Vor allem das schwarze Amerika feiert seinen „Ersatz„-Helden Nelson Mandela / Für die Schwarzen verkörpert Mandela sowohl das Charisma von Martin Luther King als auch die Radikalität von Malcolm X / Bestrebungen zur Aufhebung von Sanktionen vorläufig verschoben  ■  Aus Washington Rolf Paasch

In dem Land, in dem die Aufmerksamkeitsspanne von 30 Sekunden das Optimum ist, schaffte Mandela das Unmögliche. 12 Tage lang blieben ihm die Medien bei seiner Tour durch die USA auf den Fersen. Und die Begeisterung in den Städten seiner Auftritte nahm im Verlauf seiner Reise eher noch zu als ab: Harlem im afrikanischen Freudentaumel und 80.000 jubilierende Mandela-Fans im New Yorker Yankee-Stadion; 19 stehende Ovationen von den sonst so abgebrühten Volksvertretern beider Häuser des Kongresses und über 200.000 Neugierige auf den Straßen von Boston; ehrfürchtige Stille bei seiner Kranzniederlegung am Grab des schwarzen Bürgerrechtlers Martin Luther King in Atlanta und eine wahre Mandela-Manie in Hollywood. Kein Abend vergeht ohne Bilder vom spektakulären Empfang Mandelas in den Nachrichten.
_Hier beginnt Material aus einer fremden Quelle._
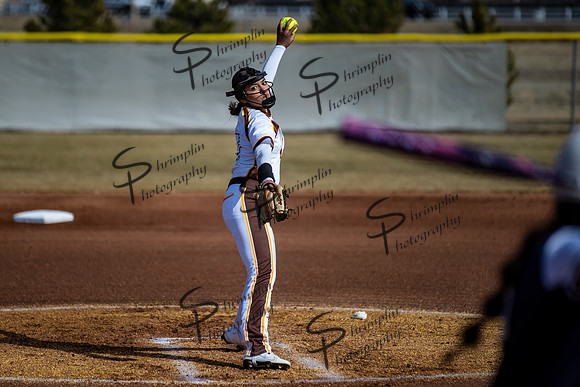 GCCC vs Otero College 0001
Zwischendurch schaffte es der 71jährige Reisende in Sachen Sanktionen noch, den US-Präsidenten bloßzustellen und den arroganten Starmoderator einer TV-Show zu brüskieren: Nach George Bushs Appell, der ANC möge doch bitte der Gewalt abschwören, mußte sich dieser von dem schwarzen Ex-Häftling in „seinem“ Weißen Haus sagen lassen, er -Bush - sei offensichtlich immer noch nicht richtig über die Situation der Schwarzen in Südafrika informiert. Und dem kritisch nach dem Sinn von Sanktionen fragenden TV-Moderator Ted Koppel beschied Mandela auf „Nightline“: „Das sollte ich nun wirklich besser wissen als Sie, Herr Koppel“. Worauf dieser wohl zum ersten Mal in seiner hochbezahlten TV-Karriere sprachlos war.

Selbst Mandelas Dankadressen an die drei Unpersonen der USA, Fidel Castro, Jassir Arafat und Muammar el Gaddafi für ihre Unterstützung des Befreiungskampfes in Südafrika, konnten ihm nichts anhaben. Amerika, jene dissidentenfreie Zone mit ihrem institutionalisierten Opportunismus, bewunderte den aufrechten Gang des Nelson Mandela.

Nirgendwo jedoch trat die Sehnsucht nach moralischer Anleitung, nach einem prinzipientreuen Führer deutlicher zu Tage als unter den Afro-Amerikanern. Fast ein Vierteljahrhundert nach dem gewaltsamen Tod von Martin Luther King und Malcolm X konnten Amerikas Schwarze 12 Tage lang auf einen neuen Helden blicken, der Kings Charisma und Malcolms Radikalität auf sich zu vereinen scheint. Hier, in den schwarzen Innenstädten der USA, wird die Reise des ANC -Führers denn auch die nachhaltigste Wirkung hinterlassen.

„Ich erwarte“, so schrieb die schwarze Kolumnistin der 'Washington Post‘, daß der Mandela-Besuch den beginnenden schwarzen Aktivismus in Amerika noch weiter fördern wird.“

Aber auch Mandela kann, wenn er am Sonntag erschöpft im Flugzeug nach London sitzen wird, zufrieden auf seine USA -Tour zurückblicken. Nach seinem US-Triumphzug ist hier die Debatte über eine mögliche Aufhebung der Sanktionen gegenüber dem südafrikanischen Apartheidsregime erst einmal auf unbestimmte Zeit verschoben.